Create a TOML file with resource rates (defaults + per-blueprint overrides):

# Default pricing for all blueprints
[default]
resources = [
  { kind = "CPU", count = 1, price_per_unit_rate = 0.001 },
  { kind = "MemoryMB", count = 1024, price_per_unit_rate = 0.00005 },
  { kind = "StorageMB", count = 1024, price_per_unit_rate = 0.00002 },
  { kind = "NetworkEgressMB", count = 1024, price_per_unit_rate = 0.00003 },
  { kind = "NetworkIngressMB", count = 1024, price_per_unit_rate = 0.00001 },
  { kind = "GPU", count = 1, price_per_unit_rate = 0.005 }
]
 
# Blueprint-specific pricing (overrides default)
[123]  # Blueprint ID
resources = [
  { kind = "CPU", count = 1, price_per_unit_rate = 0.0012 },
  { kind = "MemoryMB", count = 2048, price_per_unit_rate = 0.00006 },
  { kind = "StorageMB", count = 1024, price_per_unit_rate = 0.00002 },
  { kind = "NetworkEgressMB", count = 1024, price_per_unit_rate = 0.00003 },
  { kind = "NetworkIngressMB", count = 1024, price_per_unit_rate = 0.00001 },
  { kind = "GPU", count = 1, price_per_unit_rate = 0.005 }
]

Each resource type defines:

  • kind: The resource type (CPU, MemoryMB, StorageMB, etc.)
  • count: The baseline quantity for the resource
  • price_per_unit_rate: The price per unit rate used by your local policy

Run the Pricing Server

Run the daemon with deployment-dependent contract addresses and RPC endpoints:

OPERATOR_HTTP_RPC=https://... \
OPERATOR_WS_RPC=wss://... \
OPERATOR_TANGLE_CONTRACT=0x... \
OPERATOR_RESTAKING_CONTRACT=0x... \
OPERATOR_STATUS_REGISTRY_CONTRACT=0x... \
cargo run -p blueprint-pricing-engine --bin pricing-engine-server

Quote Format and Security

Quotes are:

  • Time-bounded (TTL + expiry)
  • Signed by the operator’s EVM key (replay-protected on-chain)
  • Optionally protected by proof-of-work in the request to reduce abuse of the pricing endpoint

How Prices Are Calculated

Operators can use any internal pricing model.

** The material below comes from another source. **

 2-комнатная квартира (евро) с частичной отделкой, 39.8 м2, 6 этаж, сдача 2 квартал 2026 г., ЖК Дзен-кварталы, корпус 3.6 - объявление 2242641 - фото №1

A common shape is:

Price = Resource Cost × Duration Factor × Security Factor

Where:

  • Resource Cost = resource_count × price_per_unit_rate
  • Duration Factor = time_blocks × BLOCK_TIME
  • Security Factor = Factor based on security commitment parameters

Security Commitments

When users request your services, they include security requirements that specify what percentage of assets you need to secure. Your pricing service needs to respond with your commitment:

  • Exposure Percentage: The percentage of assets you guarantee to secure (between the user’s minimum and maximum requirements)
  • Asset Types: Can be Custom (u64) or ERC20 (H160 address)

This commitment will be included with your signed quote. The commitment used for the quote is automatically the minimum exposure percentage specified in the user’s security requirements.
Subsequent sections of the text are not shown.